Austin troubadour James McMurtry steps into new role as festival ringleader
James McMurtry and Fred Eaglesmith, have much in common: both are highly respected rootsy singer-songwriters with fantastically talented bands, a take-no-prisoners live approach, avid fans, and quirky-but-endearing personalities. But only Eaglesmith has hosted the Root-on-the-River Festival.
Until this year.
After 14 years, the loquacious Mr. Eaglesmith has passed the Master-of-Ceremonies mantle onto Mr. McMurtry, who is generally a man-of-few-words. Except, of course, when he is singing.
In a recent phone conversation, I asked McMurtry, about his new role. "It will be interesting -- I’ve never quite done that before. Usually, we just blow in, play a gig, and leave."
Those who have been regular attendees of ROTR have seen McMurtry and his band blow in, blow the audience away, then simply leave.

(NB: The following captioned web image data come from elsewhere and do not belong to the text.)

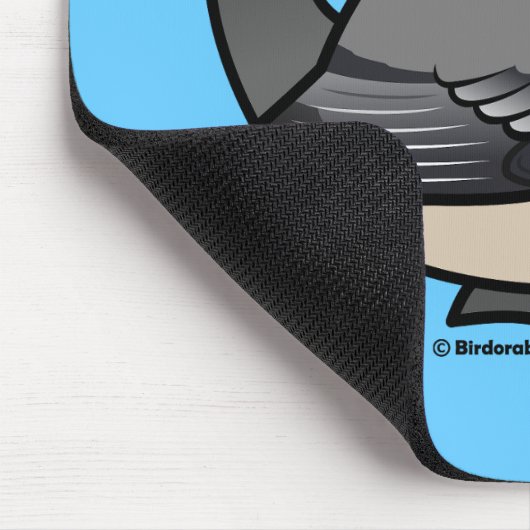 Carolina Chickadee Mousepad (Ecke)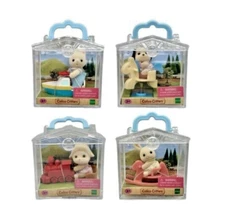 Sylvanian Families Calico Critters Baby Carry Case 2016 NEW U Choose 1!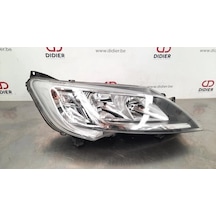 Fiat Ducato / Boxer Iıı / Jumper Iıı 2014-2022 Ön Far Motorlu Sıyah Sağ Oem No: 1394418080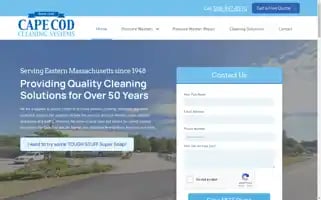 Capecodcleaningsystems.com Screenshot 2024-06-12 20:00:11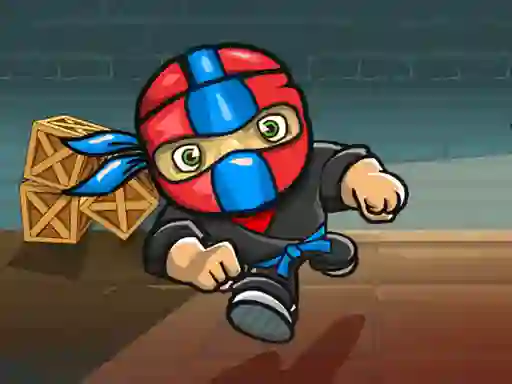 Spel Ninja Hero Runner aanlyn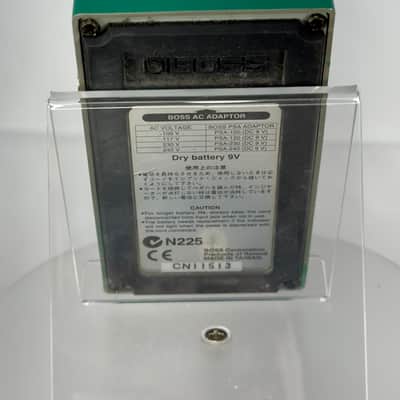 Boss TR-2 Tremolo Effects Pedal 2001 - Green image 4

For the Austin-based son of the famed novelist Larry McMurtry, the ROTR is a unique outdoor festival with an intimate backyard feel.
"The ROTR is one of the better festivals, it has that low ceiling tent, that makes it almost like a room. There’s a fairly low stage. The bigger festivals are horrors. The higher up you are, the further from the audience, the more space you gotta fill. You gotta hope they have enough PA to fill it. Half the time they don’t."

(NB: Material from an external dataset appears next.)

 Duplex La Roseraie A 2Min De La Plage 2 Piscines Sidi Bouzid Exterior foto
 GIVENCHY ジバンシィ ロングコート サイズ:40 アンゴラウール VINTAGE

McMurtry will be playing favorites from his 25-year catalog and perhaps some fresh tunes that will rock Rockingham from a brand new record he is putting out in October with the help of New Orleans-based producers CC Adcock and Mike Napolitano, as well as talented folks like guitarist David Hildalgo (Los Lobos) and keyboard-player extraordinaire Benmont Tench (Tom Petty).
As for the lyrics on the new record, McMurtry explained that they are a slight departure from his recent excursions into cultural critiques.
"It is a lot more relationship-oriented than what I have been doin’ for the most part. CC said ‘you gotta get away from politics! Everybody hates politicians!’ So I am steerin’ in that direction. They are all character songs. That is how I write. I am a fiction writer, basically."
Just like his Dad.
But his Dad never did host a music festival like the ROTR, one where the separation between artist and audience is minimal. "Well, that can be a problem" explained McMurty with a chuckle. "If they get too close to me they might find out that I am an a--hole and blow the whole thing."